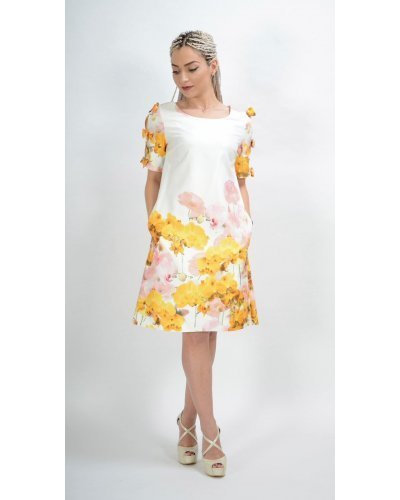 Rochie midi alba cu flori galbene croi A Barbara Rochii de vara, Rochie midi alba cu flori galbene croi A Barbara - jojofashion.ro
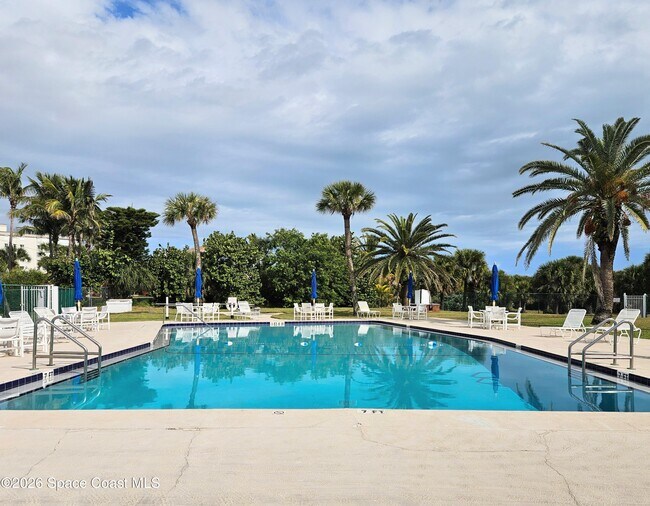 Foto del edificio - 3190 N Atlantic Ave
--
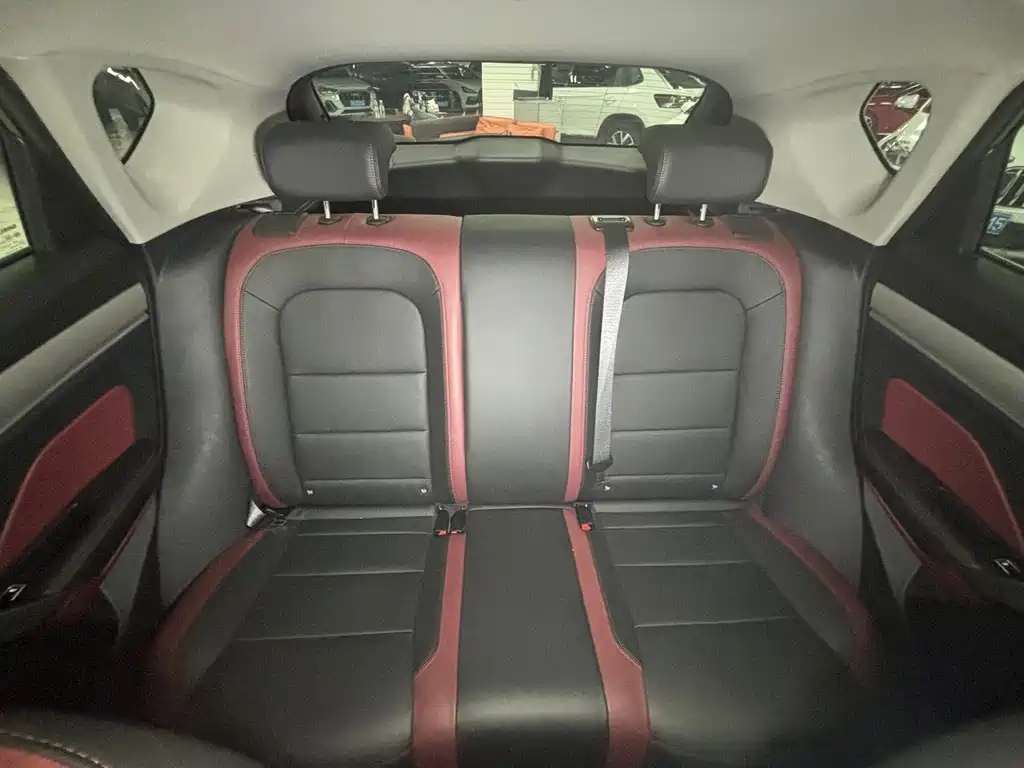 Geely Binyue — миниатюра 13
* * *
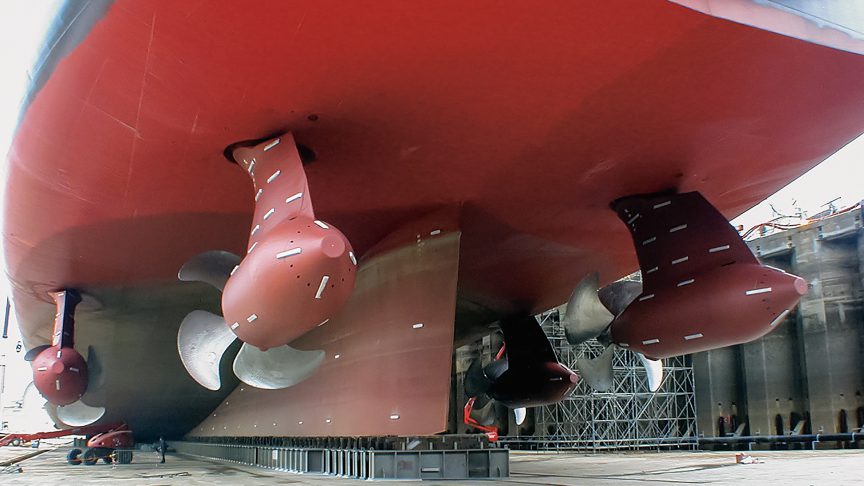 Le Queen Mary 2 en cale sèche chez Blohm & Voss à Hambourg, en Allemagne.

== WHAT IS EXPECTED ==
Starting from the line with "Rochie midi alba cu flori galbene croi A Barbara Rochii" in the records above, repeat each line exactly until you have written the line with "Foto del edificio - 3190 N Atlantic Ave", then stop; drop the pictures.

== SOLVED PROBLEM ==
 Rochie midi alba cu flori galbene croi A Barbara Rochii de vara, Rochie midi alba cu flori galbene croi A Barbara - jojofashion.ro
 Foto del edificio - 3190 N Atlantic Ave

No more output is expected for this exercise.